The temp, oil pressure and gas gauges in many of our old Mopars work by allowing current to flow through gauge into the sending unit (which does NOT send anything) into a ground. Technically the 'sending unit' is just a switch that allows current to flow to a ground, but I'll call it a sending unit since everybody else does. I cannot speak for older A Bodies (pre 67), but I am familiar with 67-early 70s. Here is how the temp gauge works on my 69 Barracuda with ralley dash (and gas and oil pressure are pretty much the same):
Power, in the form of 5.5 volts DC, flows from the Instrument Voltage Regulator (IVR) into one of the two pegs on the back of the temp gauge. On my car the IVR is inside the gas gauge. The current then flows through the bi-metal coil attached to the needle then to the other peg on the back of the temp gauge. Then a single wire goes to the temp gauge sending unit that is screwed into the engine (or intake manifold). The temp gauge sending unit is actually a resistor switch that allows varying amounts of current to flow through it depending on the sensed engine temperature. That is how the temp gauge is wired; now let's look at how it works.
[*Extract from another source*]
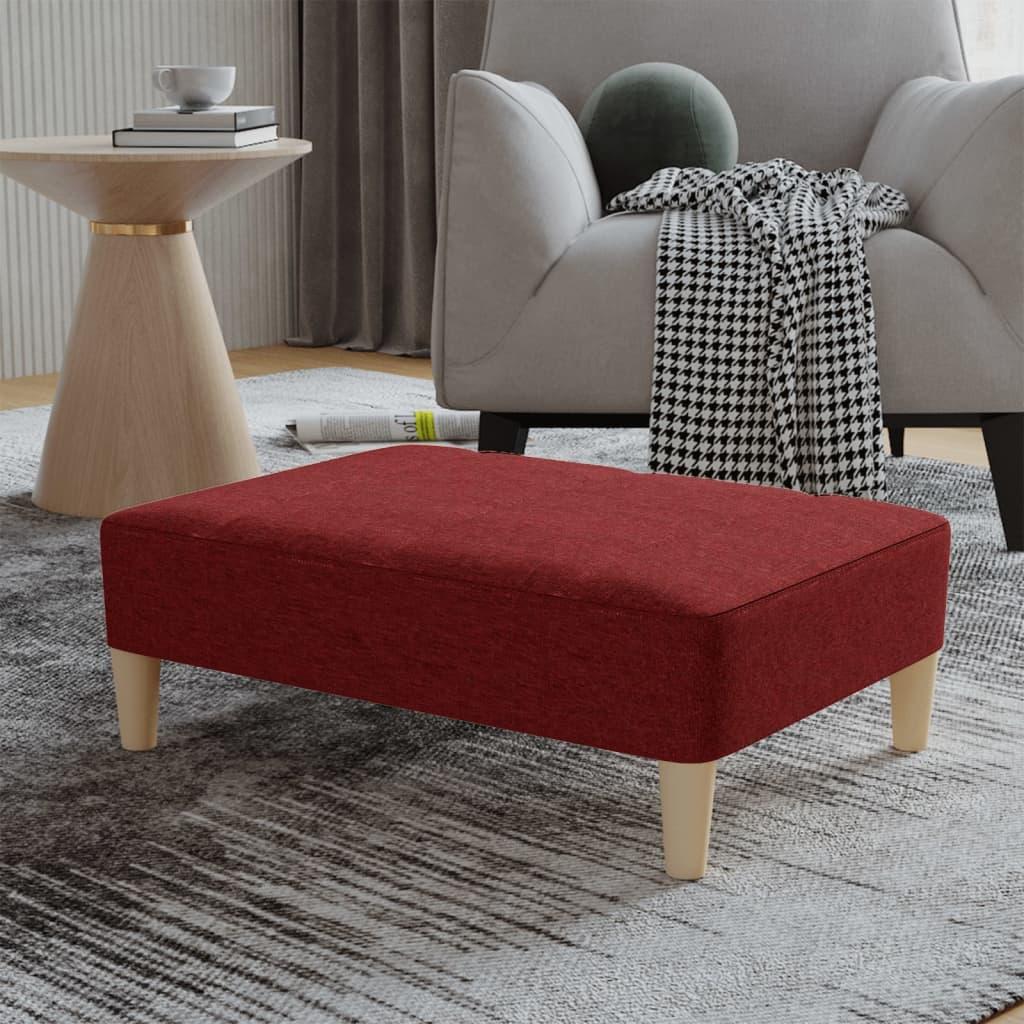 Fodskammel 78x56x32 cm stof vinrød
While the ignition switch is in the ON position, the 5.5 V current mentioned above will always be flowing through the gauge to the sending unit to the temp sending unit. If the engine is cold, the resistor in the sending unit will allow NO current to flow through it to the grounded engine. Since the current stops at the temp gauge sending unit, that means there is not a completed circuit, which means current will not be flowing through the bi-metal coil in the temp gauge. That means the coil will not heat up, and it will not rotate and move the temp needle. As the engine starts to warm up, the resistor in the temp gauge sending unit will gradually start letting current flow through the temp gauge sending unit to the grounded engine (a complete circuit). The warmer the engine gets, the more current will flow through the temp gauge sending unit. As current flows through the entire temp gauge circuit, the bi-metal coil heats up, rotates and causes the needle to move. More engine heat means more current flowing through the temp gauge sending unit which means more current flowing through the bi-metal coil, which means the coil will get warmer, which means it will move more, which means the needle will move more towards the "H". If the engine overheats, the resistor in the temp gauge sending unit will open all the way allowing the full 5.5 volts to flow through it and the temp gauge will peg to full Hot.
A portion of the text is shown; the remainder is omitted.